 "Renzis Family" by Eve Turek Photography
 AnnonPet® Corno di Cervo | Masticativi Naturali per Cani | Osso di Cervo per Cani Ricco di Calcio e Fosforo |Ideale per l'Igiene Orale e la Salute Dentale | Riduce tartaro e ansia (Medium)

--

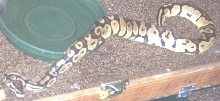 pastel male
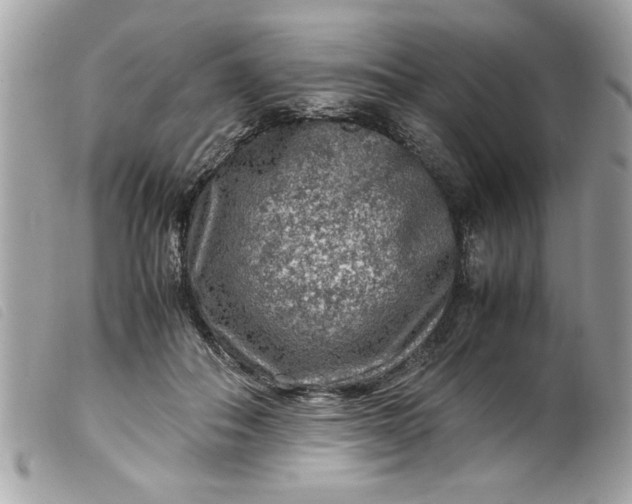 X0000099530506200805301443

---

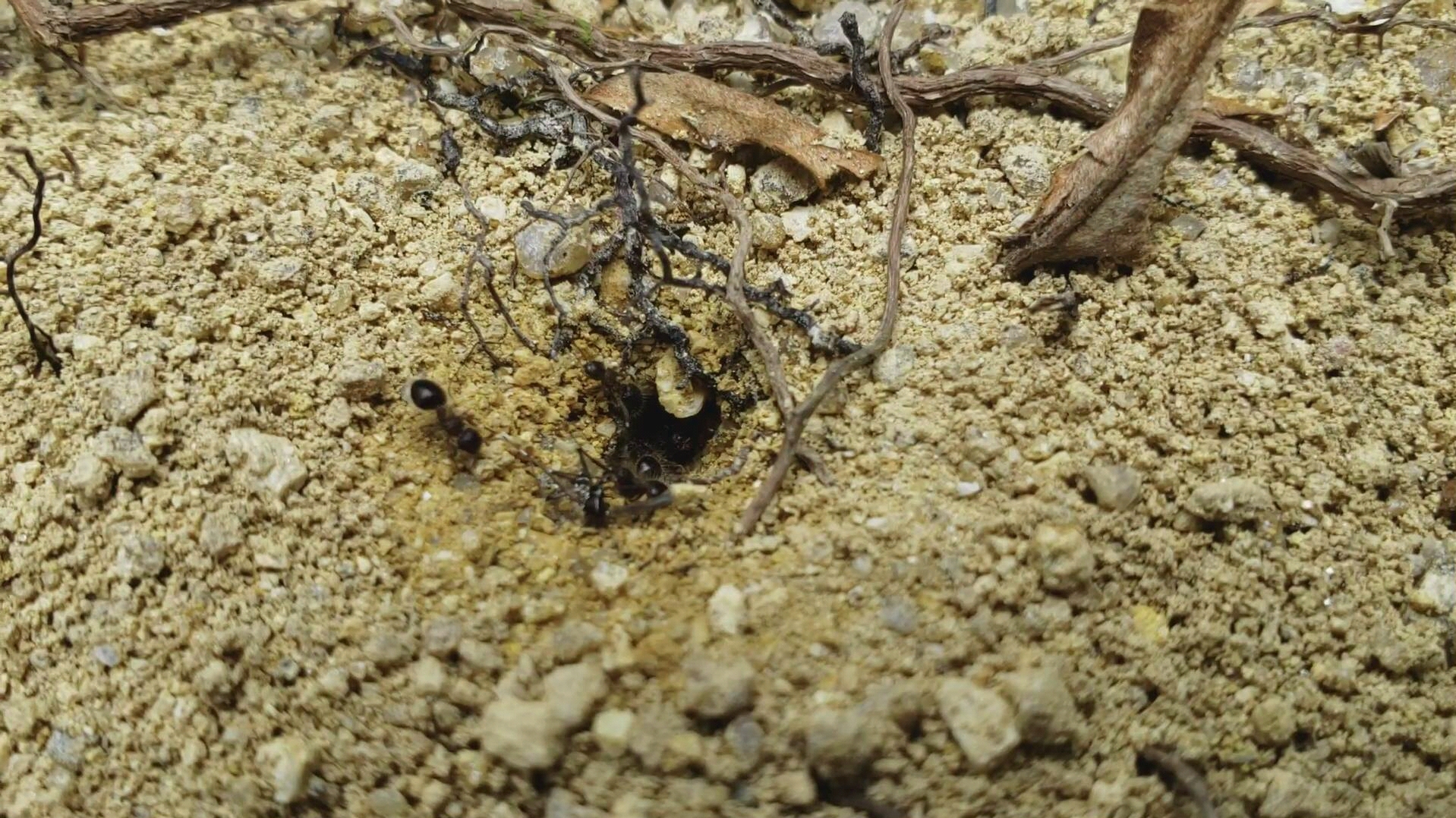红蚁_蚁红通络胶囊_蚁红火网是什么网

■ EXERCISE DIRECTIONS
Please output the lines of the listing above that fall in the stretch from the one with "Eve Turek Photography" through the one with "AnnonPet® Corno di", exactly and only those.

■ EXERCISE RESULT
 "Renzis Family" by Eve Turek Photography
 AnnonPet® Corno di Cervo | Masticativi Naturali per Cani | Osso di Cervo per Cani Ricco di Calcio e Fosforo |Ideale per l'Igiene Orale e la Salute Dentale | Riduce tartaro e ansia (Medium)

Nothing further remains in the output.